- Born: Hao Liandong (郝连栋) 1925 Nanchang, Jiangxi, China
- Died: 2019 (aged 93–94) Shanghai, China
- Education: Sino-French University
- Occupation: Translator
- Writing career
- Language: Chinese, French
- Notable works: The Red and the Black The Charterhouse of Parma The Black Tulip Letters from My Windmill

Chinese name
- Traditional Chinese: 郝運
- Simplified Chinese: 郝运

Standard Mandarin
- Hanyu Pinyin: Hǎo Yùn

= Hao Yun (translator) =

Chinese translator (1925–2019)

Hao Yun (郝运; 1925 – 10 June 2019) was a Chinese translator. Over a career spanning seven decades, he translated more than 60 works from French to Chinese. He was conferred the Lifetime Achievement Award in Translation by the Translators Association of China.

== Biography ==
Hao was born as Hao Liandong (郝连栋) in 1925 in Nanchang, Jiangxi, Republic of China. He graduated from Department of French Literature of the Sino-French University, which was exiled in Kunming during the Second Sino-Japanese War, in 1946.

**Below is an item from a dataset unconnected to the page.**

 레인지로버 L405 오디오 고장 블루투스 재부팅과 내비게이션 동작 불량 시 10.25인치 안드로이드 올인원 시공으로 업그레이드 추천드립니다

From 1947 to 1953 Hao worked for the Red Cross Society of China in Nanjing, Shanghai, and Beijing. After 1953, he worked as an editor at Pingming Publishing House (平明出版社) and Shanghai Xinwenyi Publishing House (上海新文艺出版社). He resigned from his job in 1958 because of lung disease.

After his disease was cured, he dedicated himself to translating French literature into Chinese and joined the Shanghai Translation Institute in 1961. From 1979 he worked at Shanghai Translation Publishing House. Over a career that lasted 70 years, he translated more than 60 French works, including The Red and the Black, The Charterhouse of Parma, The Black Tulip, Letters from My Windmill, and Selected Novels of Daudet. He was also an editor for French-Chinese Dictionary.

Hao was a member of the China Writers Association. In 2015, he was conferred the Lifetime Achievement Award in Translation by the Translators Association of China.

Hao died on 10 June 2019 at Renji Hospital in Shanghai, at the age of 94.